RECORDS FOR THIS EXERCISE:
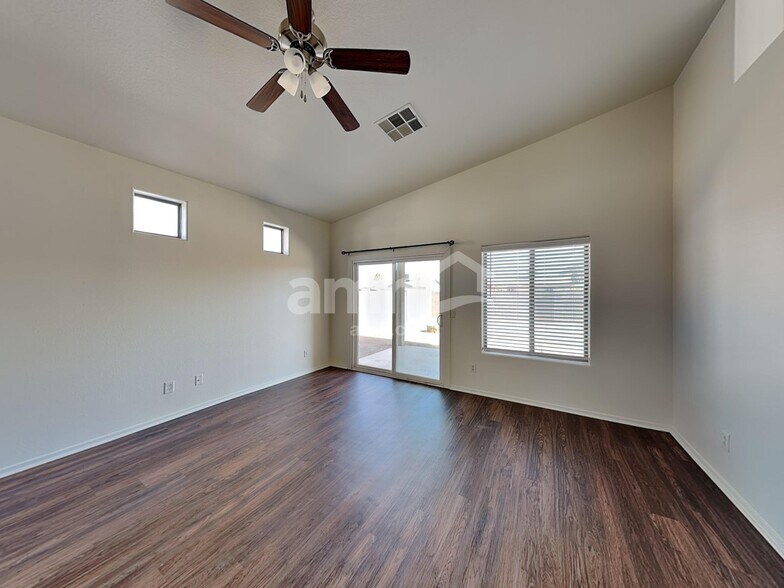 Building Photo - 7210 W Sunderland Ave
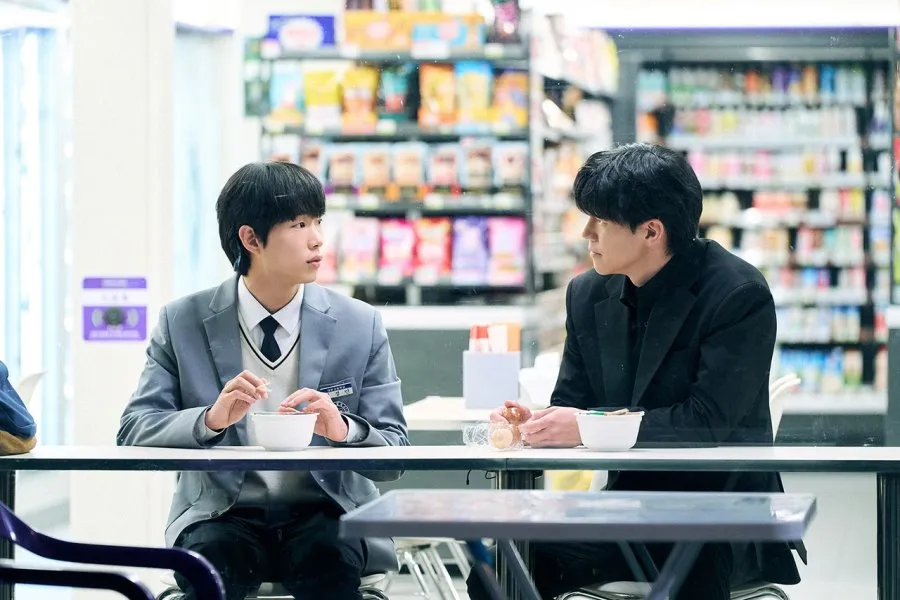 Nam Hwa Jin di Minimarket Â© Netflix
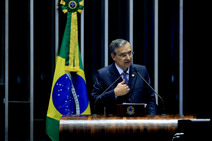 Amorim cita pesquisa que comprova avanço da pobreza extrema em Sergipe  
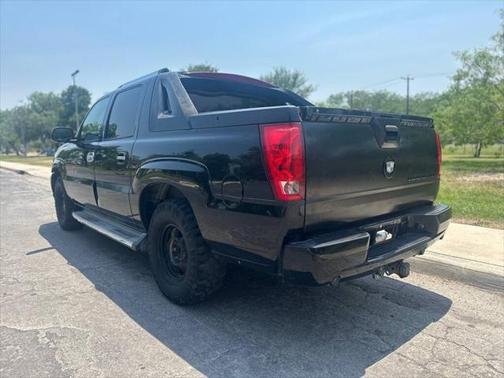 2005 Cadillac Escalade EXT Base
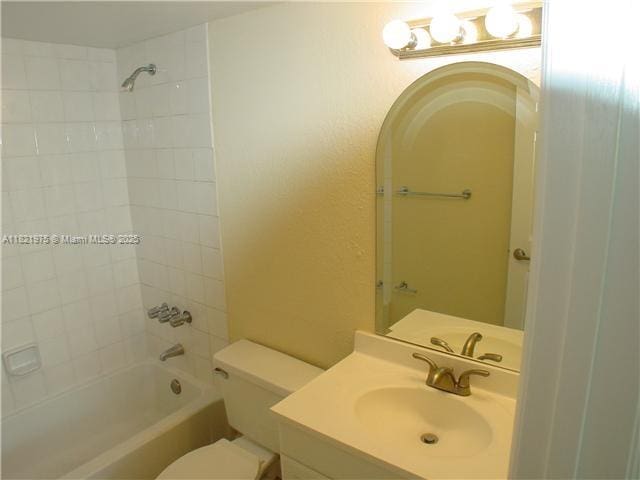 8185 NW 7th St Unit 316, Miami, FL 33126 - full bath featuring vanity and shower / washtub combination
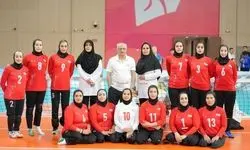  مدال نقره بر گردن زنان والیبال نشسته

--

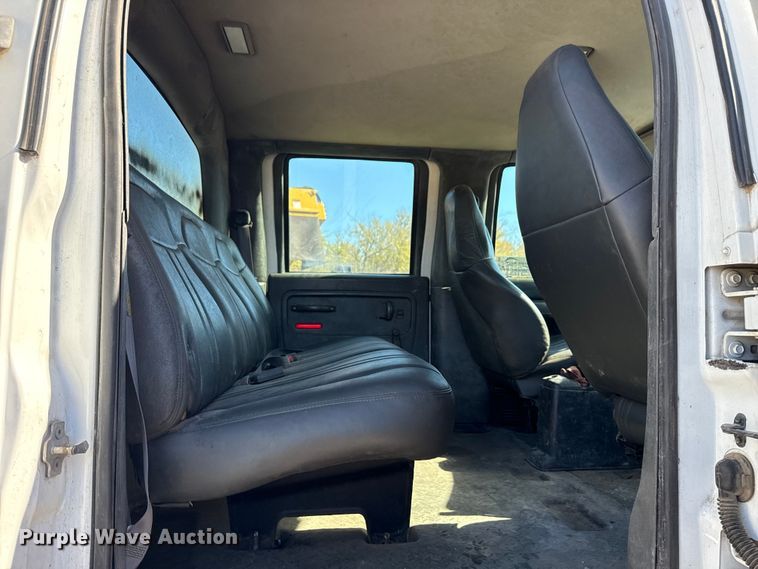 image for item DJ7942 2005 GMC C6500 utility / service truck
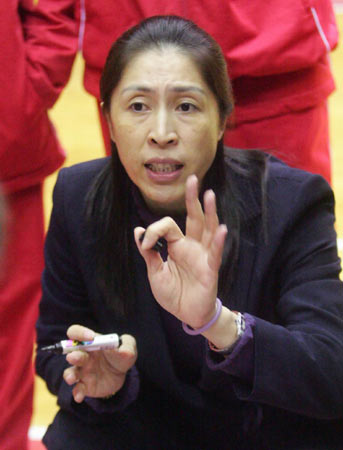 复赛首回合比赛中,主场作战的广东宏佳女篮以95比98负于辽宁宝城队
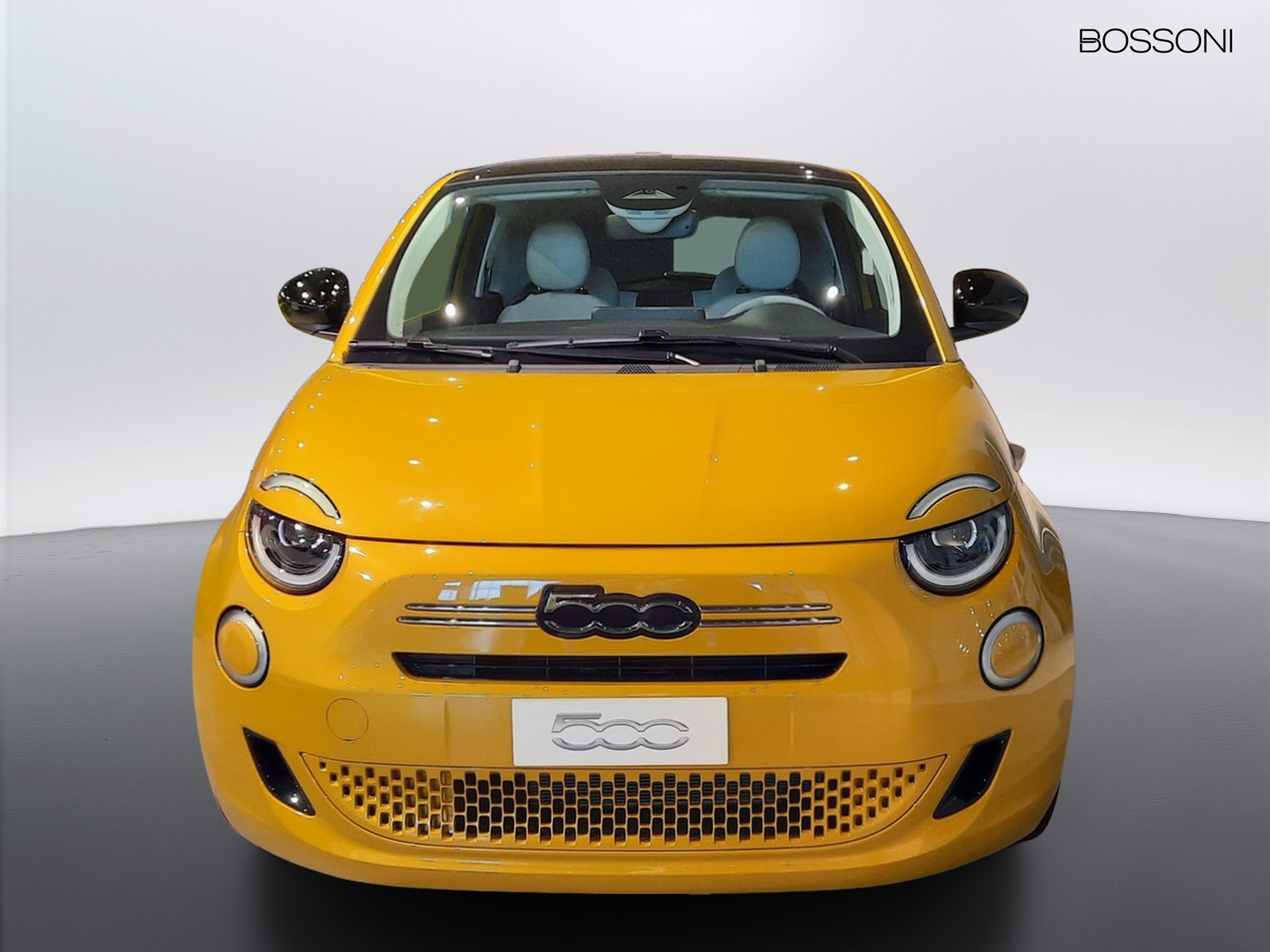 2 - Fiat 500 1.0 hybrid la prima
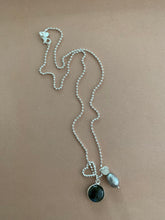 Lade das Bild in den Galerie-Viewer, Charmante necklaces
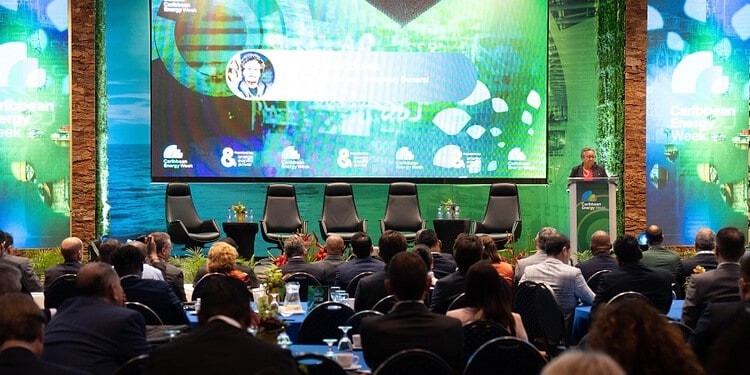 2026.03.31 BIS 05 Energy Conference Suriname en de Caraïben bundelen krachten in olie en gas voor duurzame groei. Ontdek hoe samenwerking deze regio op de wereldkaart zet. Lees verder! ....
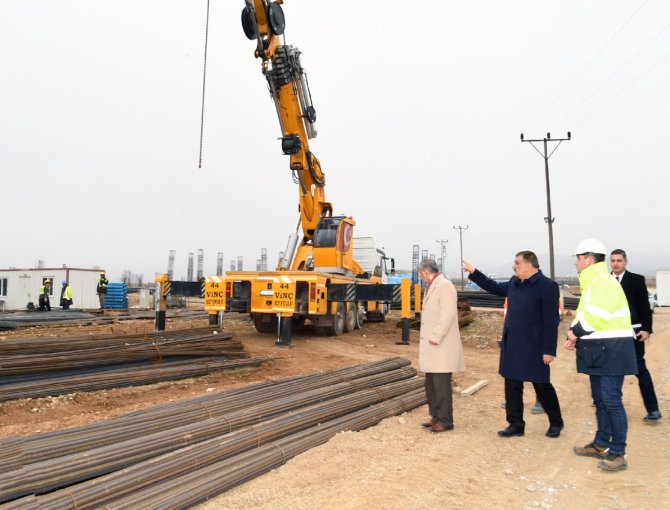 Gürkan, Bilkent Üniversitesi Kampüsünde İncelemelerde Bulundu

* * *

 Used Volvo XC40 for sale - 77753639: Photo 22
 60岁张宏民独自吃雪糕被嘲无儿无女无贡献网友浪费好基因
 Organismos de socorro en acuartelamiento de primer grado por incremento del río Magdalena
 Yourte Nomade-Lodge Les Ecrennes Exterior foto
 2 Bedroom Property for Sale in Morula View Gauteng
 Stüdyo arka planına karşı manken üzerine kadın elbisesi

TASK PROMPT: Leave out every picture, and copy exactly the lines above starting at the one holding "2005 Cadillac Escalade EXT Base" and ending at the one holding "مدال نقره بر گردن زنان والیبال نشسته", no more and no less.

SOLUTION TO THE PROBLEM:
 2005 Cadillac Escalade EXT Base
 8185 NW 7th St Unit 316, Miami, FL 33126 - full bath featuring vanity and shower / washtub combination
  مدال نقره بر گردن زنان والیبال نشسته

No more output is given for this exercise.